Nick Mellor a écrit :
Hi all,
I'm contemplating setting up a Python-powered website for the tourist
industry, which will involve a web service, a good deal of XML
processing, and a Django-powered front-end. If the project works, it
could get a lot of traffic. I'm sure it can be done, but I'm looking
to find out more about how existing high-volume Python sites have
managed their workload. Can anyone give me examples of high-volume
Python-powered websites, if possible with some idea of their
architecture?
youtube once used quite a lot of Python IIRC. You may be able to find
relevant infos on the net.
While I may disagree with Kutlu on some points[1], it's clear that the
key to handling huge traffic is the ability to scale up. So better to
avoid solutions that make it hard - or impossible - to setup load
balancing, replication etc. Now that doesn't mean than decent
performance and reasonnable memory usage are not a concern - even a
simple website with moderate traffic can become a PITA if you choose the
wrong tools / architecture (Plone perfs problems anyone ?).

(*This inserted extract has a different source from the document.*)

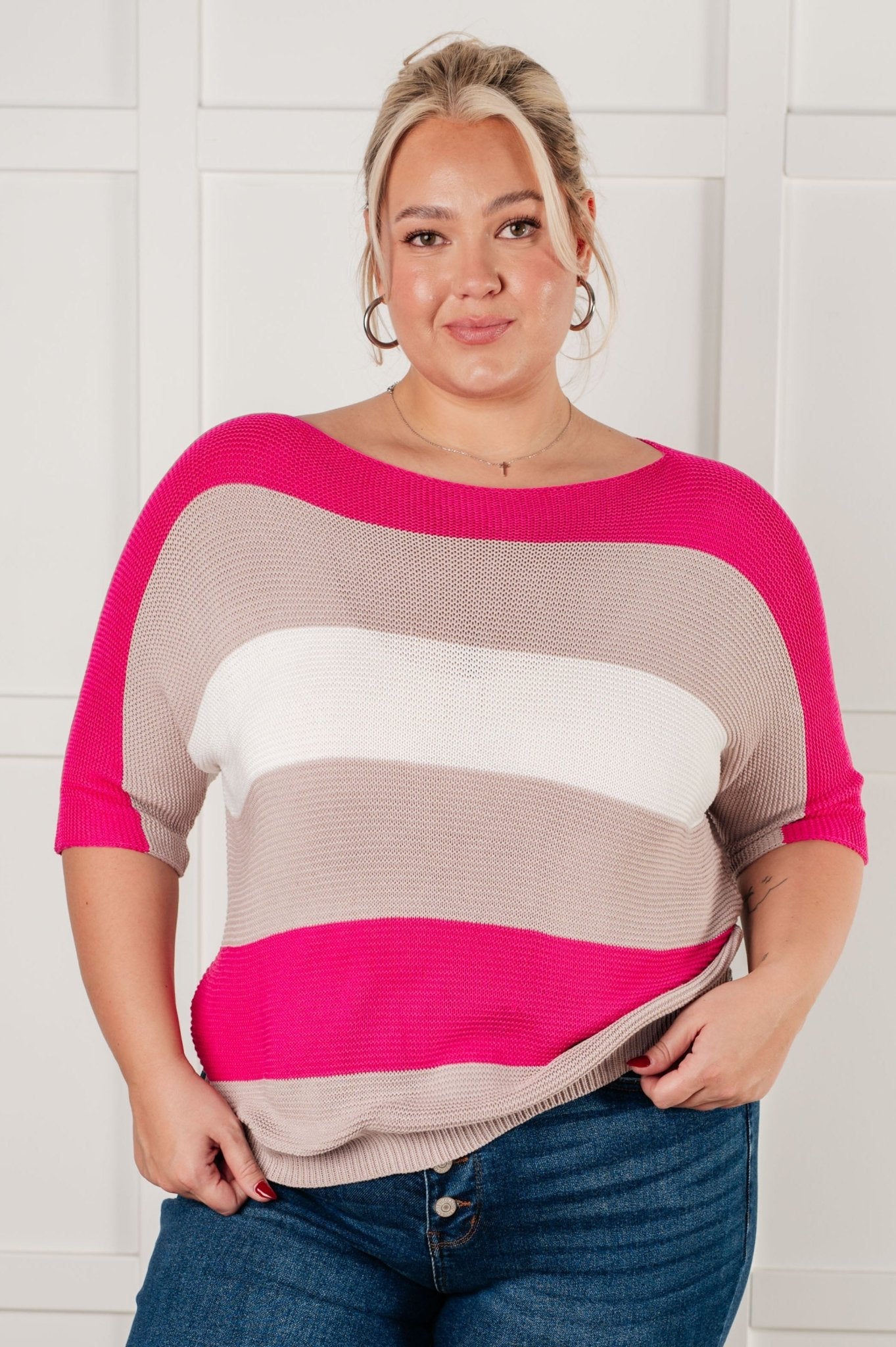 Rows Of Rose Short Sleeve Knit Top - Driftwood Boutique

Anyway : just make sure your solution is both simple enough to avoid
becoming a resource-eater yet serious enough to allow for fine-grained
caching, load-balancing and the like.
[1] like reinventing your own framework - whatever architecture
(including non-blocking IO/event-based server like Twisted) you settle
on, chances are most of the grunt work has already been done, and
probably better than what you could come with in a reasonable amount of
time - unless you have a really BIG budget of course.